Background information
- Born: Darrell Eubanks July 25, 1937 Mansfield, Ohio, U.S.
- Died: February 24, 1970 (aged 32) Detroit, Michigan, U.S.
- Genres: Soul, northern soul
- Occupation: Singer
- Years active: Until 1970
- Labels: Revilot, Stax, Atco, Atlantic

= Darrell Banks =

American soul singer (1937–1970)

Darrell Banks (born Darrell Eubanks; July 25, 1937 – February 24, 1970) was an American soul singer. He had a hit with 1966's "Open the Door to Your Heart".

==Background==
Born in Mansfield, Ohio, Banks grew up in Buffalo, New York, and learned to sing in gospel churches before choosing a career in secular music. He signed with Solid Hitbound Productions/Revilot Records, who released his 1966 single "Open the Door to Your Heart" (which, curiously, is legally named "Baby Walk Right In"), written by Donnie Elbert. When the single came out, Banks was credited as the songwriter instead of Elbert, and a protracted legal battle ensued; however, while the courts settled the matter (eventually in Elbert's favor), the tune scaled the US charts, peaking at No. 2 R&B and No. 27 on the Billboard Hot 100.

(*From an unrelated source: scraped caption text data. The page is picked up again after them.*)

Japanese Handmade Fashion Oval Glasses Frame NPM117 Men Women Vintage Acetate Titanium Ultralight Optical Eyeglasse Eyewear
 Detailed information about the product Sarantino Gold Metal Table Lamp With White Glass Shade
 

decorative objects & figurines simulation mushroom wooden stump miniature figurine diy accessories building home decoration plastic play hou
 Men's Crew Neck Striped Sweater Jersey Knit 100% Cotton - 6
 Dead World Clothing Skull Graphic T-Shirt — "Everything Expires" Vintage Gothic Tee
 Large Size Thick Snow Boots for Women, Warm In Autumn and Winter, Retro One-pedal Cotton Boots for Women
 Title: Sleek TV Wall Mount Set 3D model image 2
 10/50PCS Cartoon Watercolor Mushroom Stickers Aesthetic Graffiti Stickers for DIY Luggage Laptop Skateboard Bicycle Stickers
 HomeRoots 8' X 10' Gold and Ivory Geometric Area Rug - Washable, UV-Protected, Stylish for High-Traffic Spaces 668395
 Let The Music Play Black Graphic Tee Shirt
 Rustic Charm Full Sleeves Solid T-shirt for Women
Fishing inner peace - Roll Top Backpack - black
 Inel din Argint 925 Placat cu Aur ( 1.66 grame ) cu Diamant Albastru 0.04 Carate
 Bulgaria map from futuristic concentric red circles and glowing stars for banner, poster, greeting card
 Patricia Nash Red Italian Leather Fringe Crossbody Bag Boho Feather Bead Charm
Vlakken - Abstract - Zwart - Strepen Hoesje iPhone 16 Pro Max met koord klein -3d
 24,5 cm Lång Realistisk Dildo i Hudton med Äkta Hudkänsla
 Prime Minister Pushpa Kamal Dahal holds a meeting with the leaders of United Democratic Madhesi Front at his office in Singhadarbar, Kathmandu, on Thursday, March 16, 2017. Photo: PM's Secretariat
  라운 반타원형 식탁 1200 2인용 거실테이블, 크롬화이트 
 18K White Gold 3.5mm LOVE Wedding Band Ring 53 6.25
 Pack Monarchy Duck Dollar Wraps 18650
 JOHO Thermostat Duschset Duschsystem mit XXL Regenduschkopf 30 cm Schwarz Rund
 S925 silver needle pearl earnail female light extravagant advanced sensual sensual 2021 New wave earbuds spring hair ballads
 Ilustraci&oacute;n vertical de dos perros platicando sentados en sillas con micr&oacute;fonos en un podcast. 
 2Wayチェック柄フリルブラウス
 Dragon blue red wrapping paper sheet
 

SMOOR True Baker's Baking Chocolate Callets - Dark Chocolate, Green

A second single, "Somebody (Somewhere) Needs You", hit No. 34 R&B and No. 55 pop later that year. Moving to Atco Records, he released the singles "Here Come the Tears" / "I've Got That Feelin" and "Angel Baby (Don't Ever Leave Me)" / "Look into the Eyes of a Fool" in 1967, neither of which charted. Atco also released an album of his which included his Revilot singles. Atco subsidiary Cotillion Records released his last single under the Atlantic Records umbrella, "I Wanna Go Home" / "The Love of My Woman".

From there, Banks signed to Stax Records, who released another album of his in 1969 and two more non-charting singles. They would be Banks's last recordings; in February 1970, Banks was shot and killed by policeman Aaron Bullock in Detroit, Michigan, after Banks intervened in his affair with Banks's girlfriend, Marjorie Bozeman.

In 2014 an online auction of the London Records pressing of "Open the Door to Your Heart" saw bids exceed £10,000. It was believed to be the only copy in circulation, the remainder of the stock having been destroyed when the rival label EMI won the rights to release the single. It eventually sold for in excess of £14,000 (US$23,000). Bank's recording of "Just Because Your Love Is Gone", released as a single on Stax Records in 1969 is also collectable, with Record Collector magazine listing its value at £100 in mint condition, although in 2009 a copy actually sold for twice that amount.

==Discography==
- Darrell Banks Is Here! (Atco Records, 1967)
- Darrell Is Here to Stay (Stax Records, 1969)
- The Lost Soul (compilation, 1997)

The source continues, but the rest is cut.